### Data shown
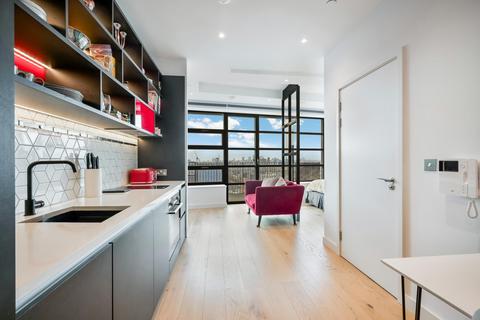 Studio for sale, Defoe House, 123 City Island Way, E14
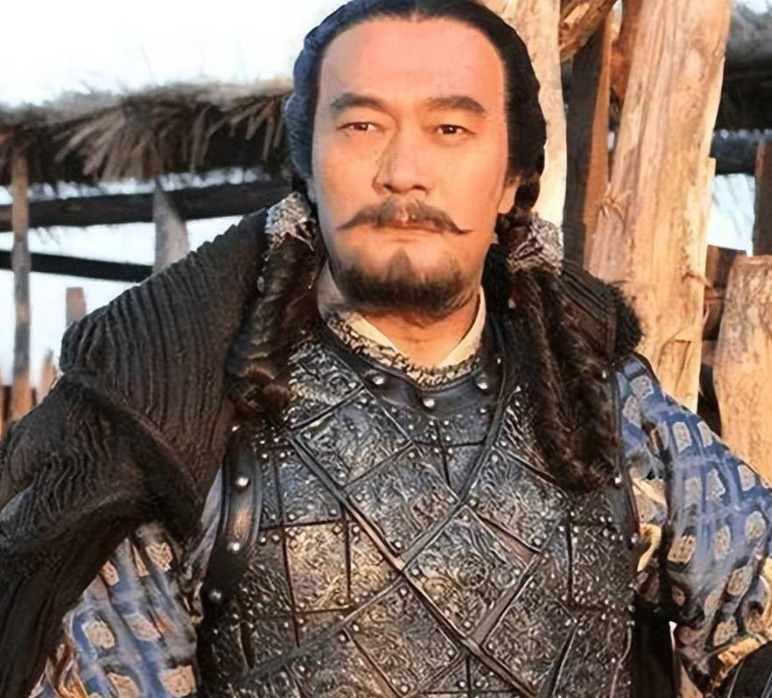 梦中的双蛇与未竟之战，解梦追蛇的深层寓意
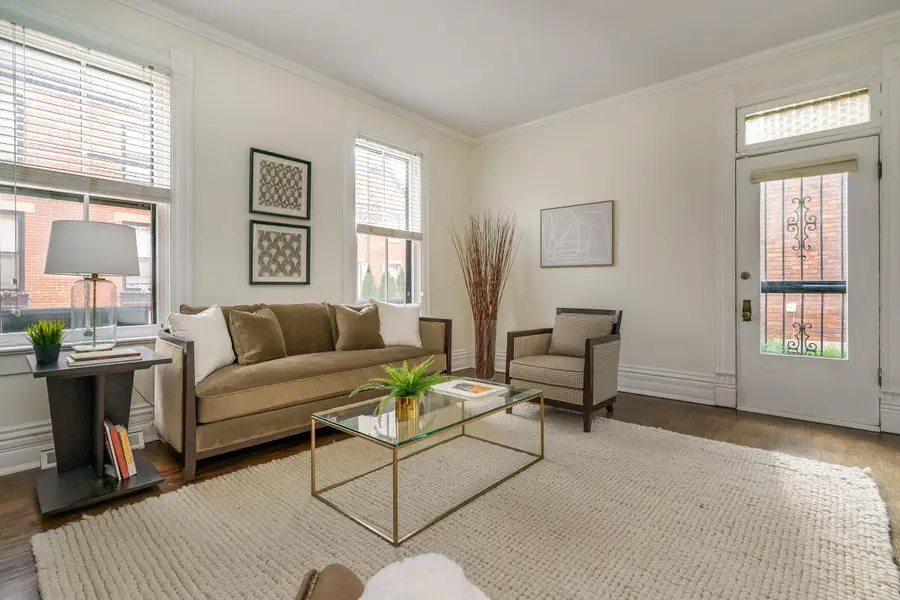 831 S Lazelle Street, Columbus, OH 43206 - Image #2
######
• _Work to complete_:
Copy out every line of the material above precisely, omitting the pictures.

• _Worked solution_:
 Studio for sale, Defoe House, 123 City Island Way, E14
 梦中的双蛇与未竟之战，解梦追蛇的深层寓意
 831 S Lazelle Street, Columbus, OH 43206 - Image #2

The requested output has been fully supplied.